I have the similar situation to the original poster (huge trees) and
for me it's all three: disk space, download time, and performance. My
tree has a few relatively small (< 20 MB) shared directories of common
code, a few large (2-6 GB) directories of code for OS's, and then
several medium size (< 500 MB) directories for application code. The
application developers only care about the app+shared directories (and
are very annoyed by the massive space and performance impact of the OS
directories). The firmware-only developers only care about OS+shared
and are mildly annoyed by the medium space and performance impact of
the app directories. I work on all of the pieces, but even I would
prefer to have things separated so when I work on the apps, git
status/etc doesn't take a big hit for close to a million files in the
OS directories (particularly when doing git status on Windows). Even
when using the -uno option to git status, it's still pretty slow (over
a minute).

git-submodule might be technically possible in this situation, but
having to commit and push each submodule and then commit and push the
super module makes it slightly worse than just dealing with the
space/download/performance issues of one huge repository.

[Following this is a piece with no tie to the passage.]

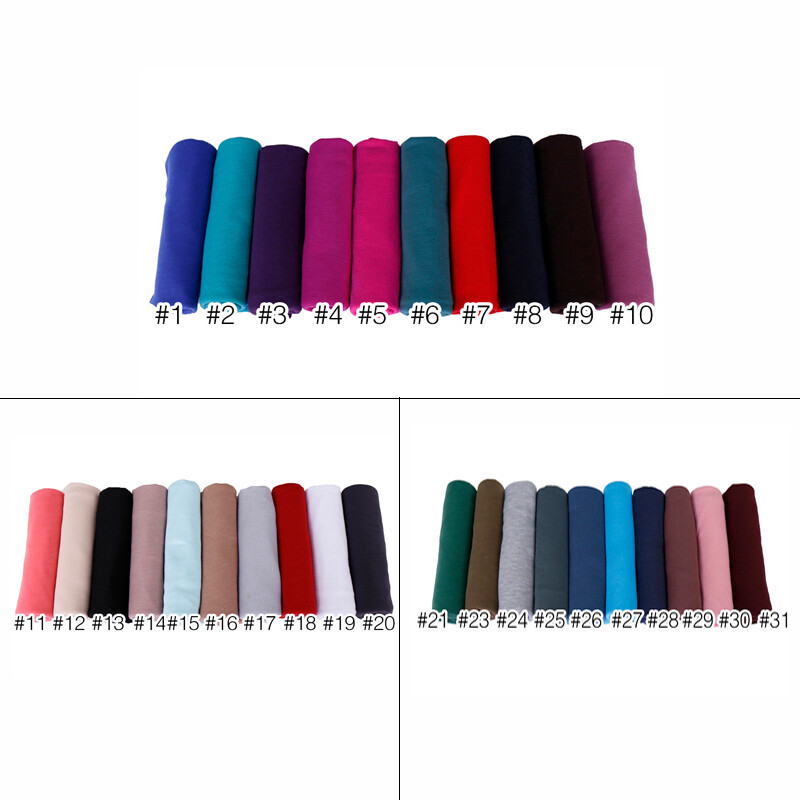 Soft Jersey Hijabs Scarf Shawls Muslim Head Scarves Wraps Turban Hijab 40 Colors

git-subtree could also possibly help, but there's still extra work to
split and merge each repository. And I'm not sure how it handles
commit IDs across the repositories because I want to be able to say "I
fixed that bug in shared/code.c in commit abc123" and have both the
OS+shared and the apps+shared people be able git log abc123 and see
the same change (and merge/cherry-pick/etc.).

I think what I want is a way to do a sparse checkout where some sort
of module is maintained in the git repository (probably just an
INI-style file with paths) so I can clone directly from the server and
it figures out the objects I need for the full history of only
apps+shared (or firmware+shared, etc.) on the server side and only
sends those objects. I still want to be able to branch, tag, and refer
to commit IDs. So I only take the space/download/performance hit of
directories included in the module, but I don't have to manually
maintain that view of the repository (as I do with git-submodule and
git-subtree).

The closest thing to that so far for me has been the sparse checkout
support added in git 1.7 combined with a convenience script I wrote.
Everyone still has a huge download and .git directory, but at least
the working copy is limited to the paths specified in the module so
git status isn't super slow (although just having all those objects in
the .git directory still slows it down quite a bit).